[Scraped caption text data]
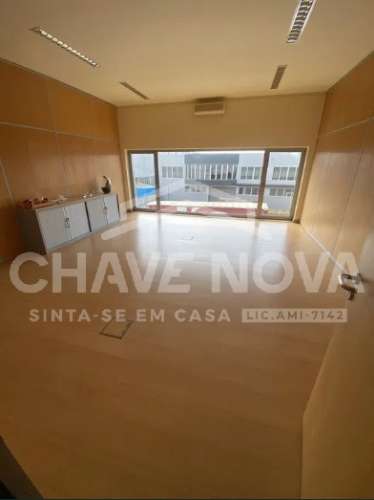 Armazém  Venda em Bougado (São Martinho e Santiago),Trofa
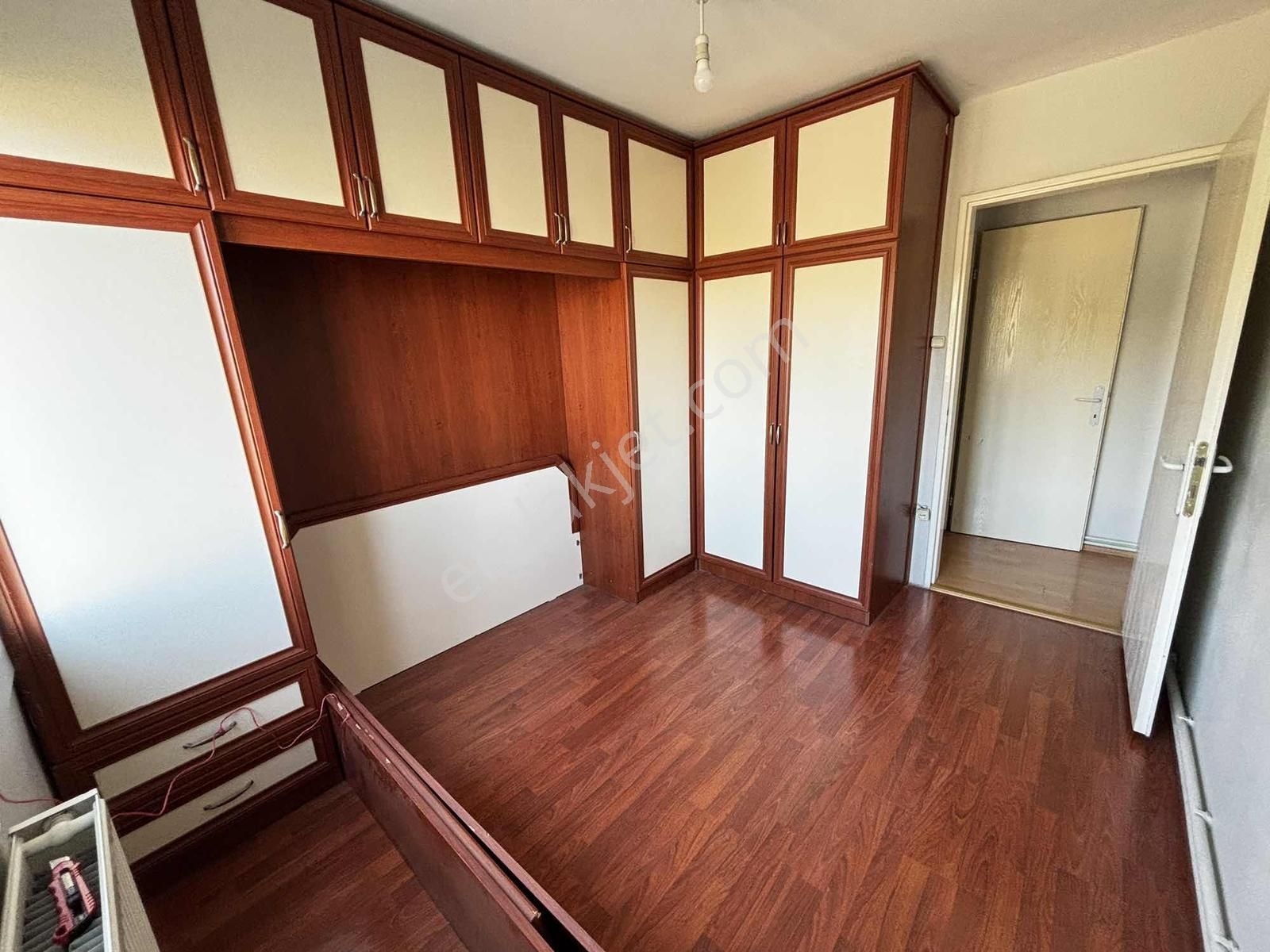 İzmir Çiğli Evka 5 Mah. Kiralık 3+1 Geniş Daire Cb-ph - Görsel 2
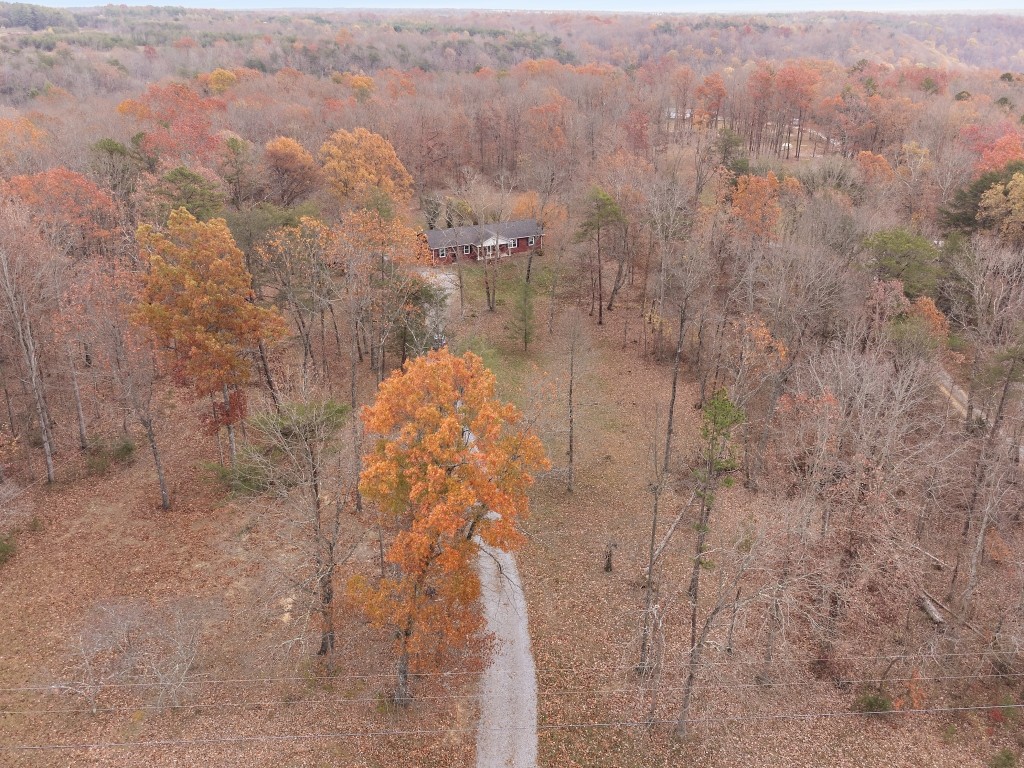345 Eagle Nest Rd Property Photo 6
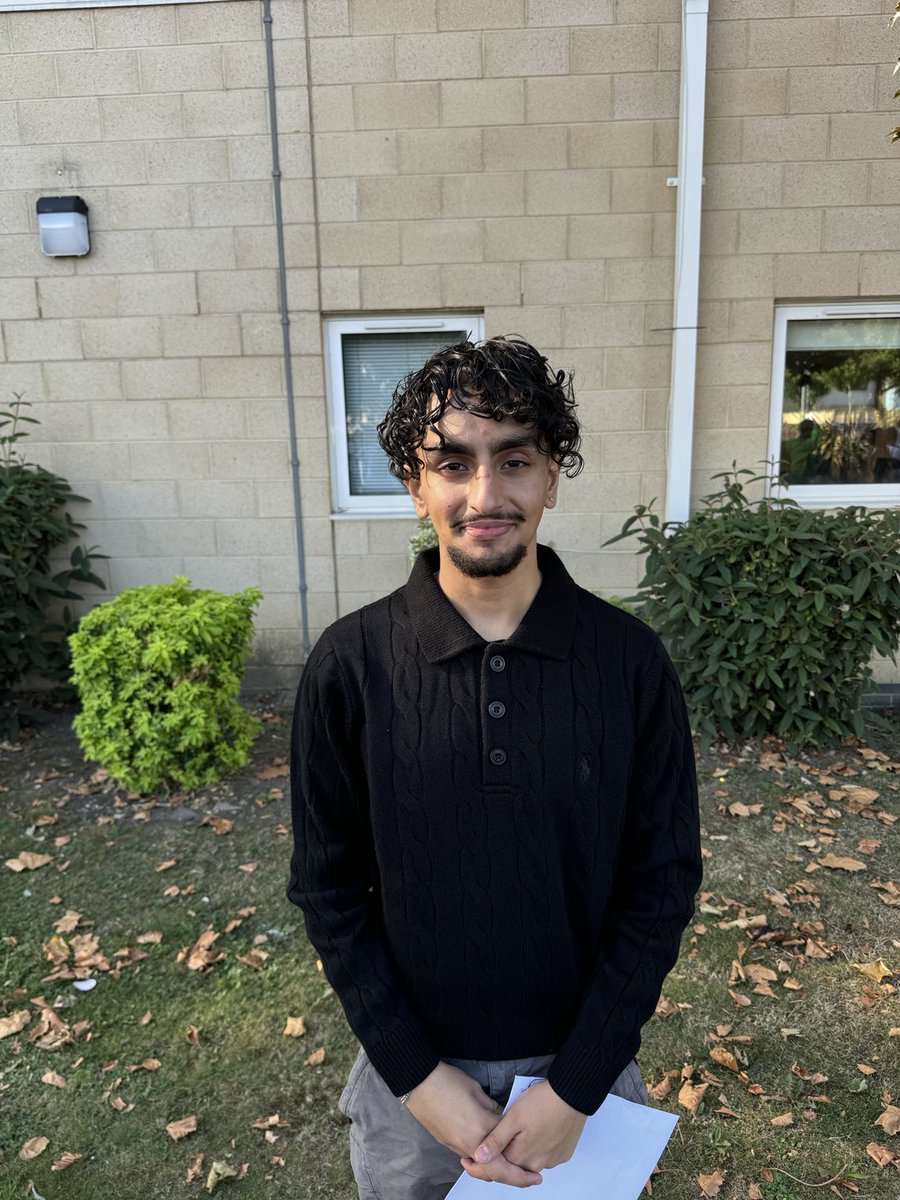 Congratulations to Dhiren who achieved A*A*A*A and who will study Economics at the University of Cambridge. Brilliant work! #alevelresultsday #bramptonmanor
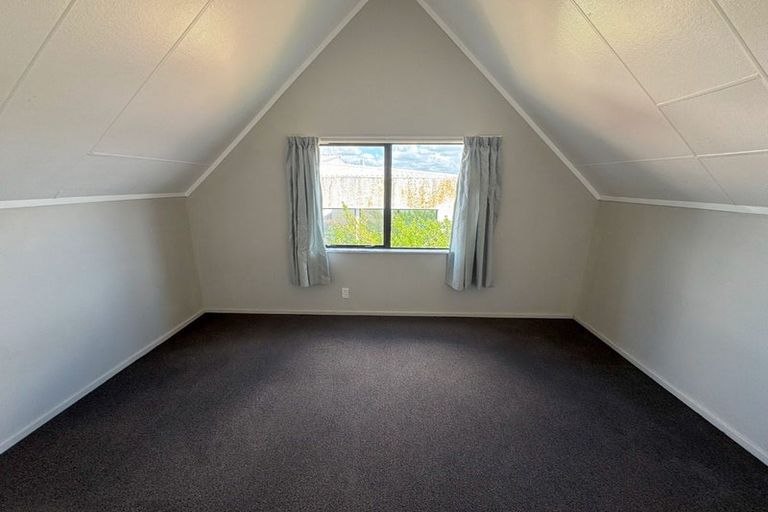 Photo of property in 30 Ngata Street, Palmerston North, 4410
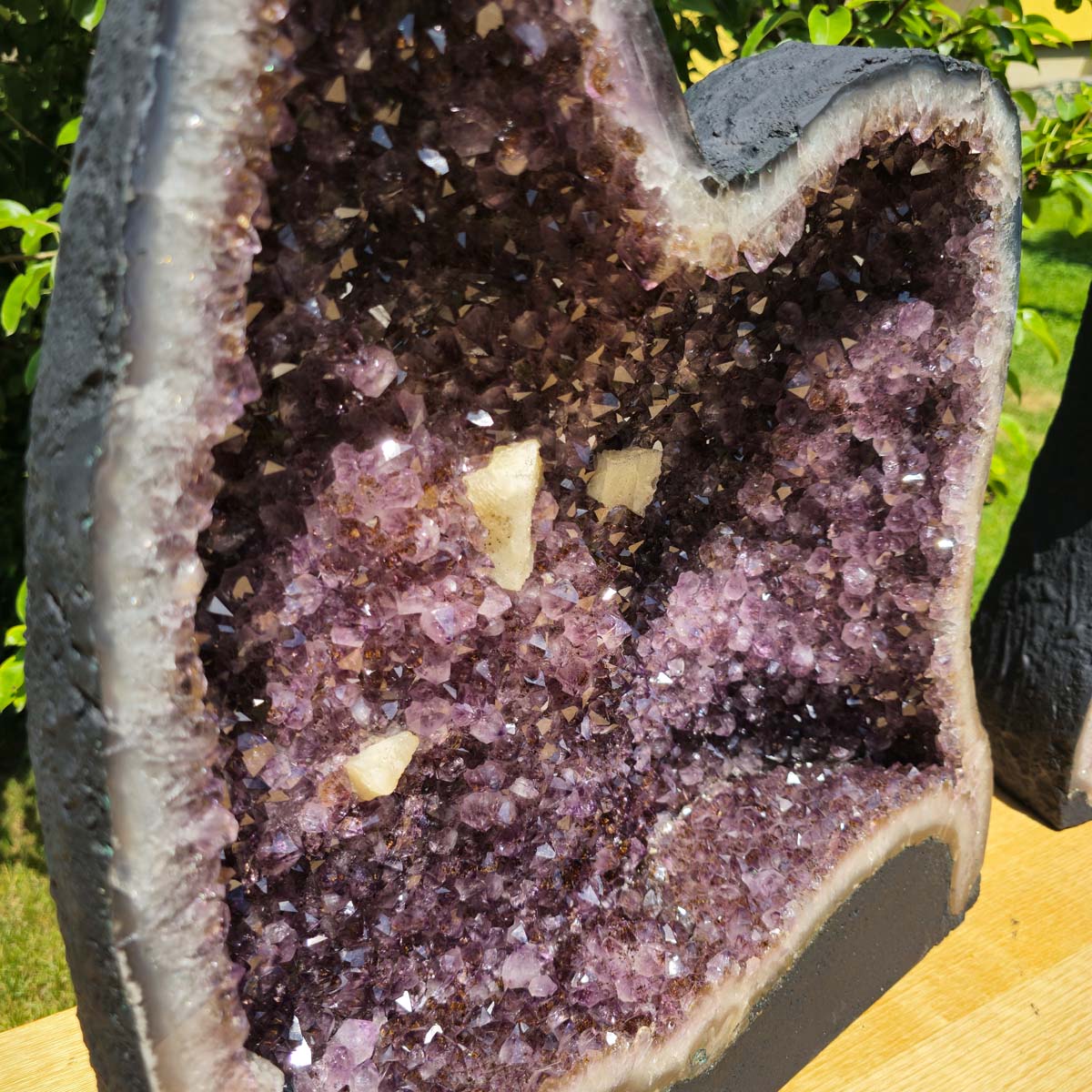 Amethystdrusen Paar 1A - 89kg - Höhe 51cm - Harmonie und Entspannung - UNIKAT 370, Steinwelten Amethyst Druse in natürlicher Umgebung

* ACTION ITEM *
Give the records back verbatim, pictures excluded.

* ANSWER TO THIS TASK *
 Armazém  Venda em Bougado (São Martinho e Santiago),Trofa
 İzmir Çiğli Evka 5 Mah. Kiralık 3+1 Geniş Daire Cb-ph - Görsel 2
345 Eagle Nest Rd Property Photo 6
 Congratulations to Dhiren who achieved A*A*A*A and who will study Economics at the University of Cambridge. Brilliant work! #alevelresultsday #bramptonmanor
 Photo of property in 30 Ngata Street, Palmerston North, 4410
 Amethystdrusen Paar 1A - 89kg - Höhe 51cm - Harmonie und Entspannung - UNIKAT 370, Steinwelten Amethyst Druse in natürlicher Umgebung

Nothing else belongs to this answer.